- Theatrical Release poster
- Directed by: Ravi Ram
- Written by: Ravi Ram
- Story by: Ravi Ram
- Produced by: C. D. Basappa
- Starring: Aniruddha Nikita Thukral Sanjjana
- Cinematography: K. M. Vishnuvardhan
- Edited by: K. M. Prakash
- Music by: Sadhu Kokila
- Production company: Veer Maasthi Movies
- Release date: 2 February 2018;
- Language: Kannada

= Rajasimha (film) =

2018 Indian Kannada-language action film directed by Ravi Ram

Rajasimha is a 2018 Indian Kannada-language action film directed by debutante Ravi Ram and produced by C. D. Basappa. The film features Aniruddha, Nikita Thukral and Sanjjana in the lead roles along with Bharathi Vishnuvardhan, Sharath Lohitashwa and Arun Sagar in key supporting roles. While Ambareesh plays a cameo role, the popular actor Vishnuvardhan appears on the screen through a computer generated visual effect. The film is reported to be a sequel of Vishnuvardhan's hit Simhadriya Simha (2002). The film's soundtrack is composed by Jassie Gift and the background score is by Sadhu Kokila.

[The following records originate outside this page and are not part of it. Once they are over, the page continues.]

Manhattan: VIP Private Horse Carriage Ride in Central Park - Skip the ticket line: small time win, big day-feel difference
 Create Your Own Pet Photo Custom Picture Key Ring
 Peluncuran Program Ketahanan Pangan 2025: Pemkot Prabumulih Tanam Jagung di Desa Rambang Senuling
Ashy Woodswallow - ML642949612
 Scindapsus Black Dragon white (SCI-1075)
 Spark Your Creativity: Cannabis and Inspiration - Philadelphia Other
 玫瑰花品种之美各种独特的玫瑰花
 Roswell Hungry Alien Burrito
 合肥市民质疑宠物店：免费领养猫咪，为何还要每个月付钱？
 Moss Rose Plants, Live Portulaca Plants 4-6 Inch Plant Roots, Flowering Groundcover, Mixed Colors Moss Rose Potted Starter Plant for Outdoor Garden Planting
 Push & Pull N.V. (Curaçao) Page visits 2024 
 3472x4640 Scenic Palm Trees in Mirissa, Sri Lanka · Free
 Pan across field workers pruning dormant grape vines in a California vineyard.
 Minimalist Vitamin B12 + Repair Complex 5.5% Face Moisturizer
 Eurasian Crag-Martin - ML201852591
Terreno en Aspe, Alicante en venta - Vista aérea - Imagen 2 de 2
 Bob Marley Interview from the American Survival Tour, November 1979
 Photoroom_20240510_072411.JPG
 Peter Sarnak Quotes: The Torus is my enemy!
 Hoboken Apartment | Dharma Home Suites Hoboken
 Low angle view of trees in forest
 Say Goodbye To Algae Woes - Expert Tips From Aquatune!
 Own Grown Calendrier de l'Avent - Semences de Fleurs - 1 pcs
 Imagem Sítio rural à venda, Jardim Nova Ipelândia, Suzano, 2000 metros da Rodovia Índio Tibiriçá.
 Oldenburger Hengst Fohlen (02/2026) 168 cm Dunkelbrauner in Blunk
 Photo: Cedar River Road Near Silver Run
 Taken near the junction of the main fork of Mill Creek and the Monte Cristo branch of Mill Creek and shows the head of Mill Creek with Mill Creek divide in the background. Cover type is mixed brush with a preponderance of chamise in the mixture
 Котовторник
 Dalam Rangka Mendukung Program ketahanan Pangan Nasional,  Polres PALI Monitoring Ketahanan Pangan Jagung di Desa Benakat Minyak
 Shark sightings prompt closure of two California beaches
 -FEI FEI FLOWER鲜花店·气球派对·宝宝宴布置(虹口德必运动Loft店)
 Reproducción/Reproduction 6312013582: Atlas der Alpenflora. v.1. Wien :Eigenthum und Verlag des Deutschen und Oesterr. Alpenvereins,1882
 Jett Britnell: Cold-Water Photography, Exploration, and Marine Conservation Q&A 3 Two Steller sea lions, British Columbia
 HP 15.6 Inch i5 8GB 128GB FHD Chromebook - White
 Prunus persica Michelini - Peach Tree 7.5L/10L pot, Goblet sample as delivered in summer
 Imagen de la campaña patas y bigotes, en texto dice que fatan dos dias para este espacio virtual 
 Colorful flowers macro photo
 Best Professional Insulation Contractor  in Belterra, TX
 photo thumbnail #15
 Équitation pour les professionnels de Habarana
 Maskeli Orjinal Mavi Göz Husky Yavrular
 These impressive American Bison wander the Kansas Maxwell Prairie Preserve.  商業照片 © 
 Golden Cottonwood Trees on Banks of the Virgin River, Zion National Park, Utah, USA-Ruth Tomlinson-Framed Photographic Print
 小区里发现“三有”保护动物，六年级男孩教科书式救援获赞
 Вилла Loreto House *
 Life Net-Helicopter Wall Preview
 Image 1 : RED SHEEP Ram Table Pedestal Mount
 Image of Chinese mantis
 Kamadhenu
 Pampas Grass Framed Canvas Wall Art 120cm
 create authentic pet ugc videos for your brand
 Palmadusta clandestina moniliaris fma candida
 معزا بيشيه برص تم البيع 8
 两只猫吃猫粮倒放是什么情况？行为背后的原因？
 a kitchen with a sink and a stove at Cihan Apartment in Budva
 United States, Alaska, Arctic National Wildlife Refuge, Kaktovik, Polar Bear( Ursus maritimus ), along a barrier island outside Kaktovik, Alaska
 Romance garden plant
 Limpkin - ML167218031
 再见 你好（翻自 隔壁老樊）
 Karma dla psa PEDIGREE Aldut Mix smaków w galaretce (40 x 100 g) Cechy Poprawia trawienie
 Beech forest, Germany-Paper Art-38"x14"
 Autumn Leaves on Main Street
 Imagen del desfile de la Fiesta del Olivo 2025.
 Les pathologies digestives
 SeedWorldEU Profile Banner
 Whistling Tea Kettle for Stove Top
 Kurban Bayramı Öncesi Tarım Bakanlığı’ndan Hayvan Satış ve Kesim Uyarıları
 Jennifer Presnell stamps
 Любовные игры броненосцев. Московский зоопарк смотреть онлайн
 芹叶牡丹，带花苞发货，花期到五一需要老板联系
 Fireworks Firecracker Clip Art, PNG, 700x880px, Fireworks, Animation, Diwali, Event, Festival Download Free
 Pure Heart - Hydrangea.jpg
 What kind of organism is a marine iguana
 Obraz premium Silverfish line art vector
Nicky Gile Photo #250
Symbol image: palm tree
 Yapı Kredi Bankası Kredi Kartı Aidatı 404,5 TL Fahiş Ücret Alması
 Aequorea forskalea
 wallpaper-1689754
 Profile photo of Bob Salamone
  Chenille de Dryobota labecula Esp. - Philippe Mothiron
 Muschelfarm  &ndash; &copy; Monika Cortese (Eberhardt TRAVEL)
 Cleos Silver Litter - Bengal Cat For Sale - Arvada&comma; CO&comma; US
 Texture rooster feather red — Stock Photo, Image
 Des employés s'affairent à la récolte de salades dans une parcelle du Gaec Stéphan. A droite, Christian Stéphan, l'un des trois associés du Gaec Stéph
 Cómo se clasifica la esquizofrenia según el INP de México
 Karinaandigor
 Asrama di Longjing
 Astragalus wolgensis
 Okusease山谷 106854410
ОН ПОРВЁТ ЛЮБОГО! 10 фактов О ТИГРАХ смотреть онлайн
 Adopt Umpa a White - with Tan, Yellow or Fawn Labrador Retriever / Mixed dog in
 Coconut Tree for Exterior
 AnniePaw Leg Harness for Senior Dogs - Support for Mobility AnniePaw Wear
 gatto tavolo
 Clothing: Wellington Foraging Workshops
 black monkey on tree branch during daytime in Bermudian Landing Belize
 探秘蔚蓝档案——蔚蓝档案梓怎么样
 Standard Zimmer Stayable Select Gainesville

The film was released across Karnataka on 2 February 2018.

==Cast==
- Aniruddha as Satya
- Nikita Thukral as Priya
- Sanjjana as Sanju
- Bharathi Vishnuvardhan
- Sharath Lohitashwa
- Arun Sagar
- Bullet Prakash
- Vijay Chendoor
- Ambareesh (Cameo Appearance)
- Vishnuvardhan as Narasimhe Gowda (Cameo Appearance)

==Soundtrack==

The film's soundtracks are composed by Jassie Gift. The music rights were acquired by Anand Audio.

Tracklist
| No. | Title | Lyrics | Singer(s) | Length |
|---|---|---|---|---|
| 1. | "Yentha Bhagya" | Nelamane Raghavendra | L. N. Shastri | 04:40 |
| 2. | "Missamma Yamma" | Kaviraj | Jassie Gift, Indu Nagaraj | 03:45 |
| 3. | "Khadak Kadhar" | Nelamane Raghavendra | Tippu | 04:20 |
| 4. | "Gulabu Jamunu" | Ghouse Peer | Malathi, C. D. Basappa | 03:18 |
| 5. | "Bandha Devara Haage" | Nelamane Raghavendra | Vikas Chintan, Suma Shastri | 04:34 |
| 6. | "Baaro Nalla Baaro" | Nelamane Raghavendra | Santhosh Venky, Anuradha Bhat | 04:02 |

== Reception ==
=== Critical response ===

Sunayana Suresh of The Times of India scored the film at 2 out of 5 stars and says "given that this was a tribute film in many ways, one feels let down, as the matinee idol's name is dragged in a film that otherwise would be just another normal commercial potboiler. Though, do give it a try if you like old school masala films." A Sharadhha of The New Indian Express scored the film at 2 out of 5 stars and says "Time and again, attempts have been made to bring back legends on screen with little success, and Rajasimha is just another film to join the bandwagon."Vijaya Karnataka scored the film at 2 out of 5 stars and wrote "Experienced artists are directors who have used Tara, but have not used them properly. Suddenly the songs, laughter and comedy scenes have made Raja Sinha Cinema a falawa movie."